Steve Ashmore: Park in your driveway
Some people find it a necessity, others tolerate the custom, and then there are those who think that there should be a federal statute prohibiting the practice throughout the land. We’re speaking of on-street parking, of course.
In residential areas, where ownership is defined by the size and color of one’s lawn, there seem to be two philosophies. Some homeowners simply navigate the narrow passages like an Olympic giant slalom skier. They seldom complain and often wave to one another as they wait their turn and allow other drivers to pass on the correct side of the road. Others call their HOA leaders and demand the issue be addressed at an emergency meeting of the homeowners.
Some can’t help their dilemma. Their garage is full of a lifetime of accumulations, a teenager has gotten their license, or maybe the new boat looks better in the driveway than on the street.
But there are matters to consider when parking by the curb. There is the possibility of blocking your neighbors’ view when backing out of their own garage. Children are not as cautious as they should be and often dart out from behind parked cars without looking. And if both sides of the lane are used, there is the potential for blocking emergency vehicles. Ambulances and firetrucks often need more than one lane to navigate a residential area.
Business districts (what we affectionately call tourist traps) are also enamored with on street parking.

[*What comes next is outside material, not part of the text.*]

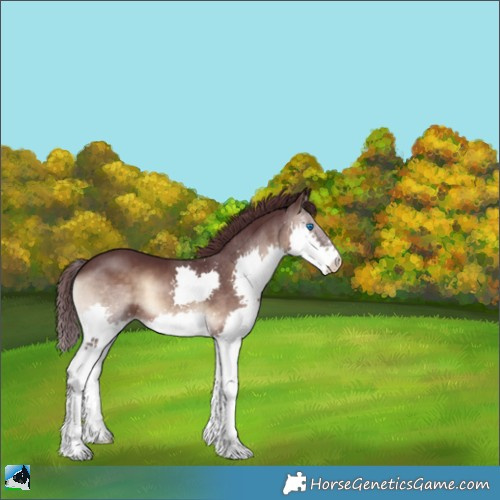 Horse Color:Chocolate Brown Onyx Splash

Parking lots offer more spaces, but the convenience of parking right in front of a business often promotes a quicker sale. Also, those businesses closer to the public lots have an advantage over those farther down the footpath. But the on-street parking often causes traffic tie-ups as drivers attempt to squeeze into or out of a space.
Ordinances regarding these issues are few, so let your common sense prevail. Park in your driveway and drive on the parkway.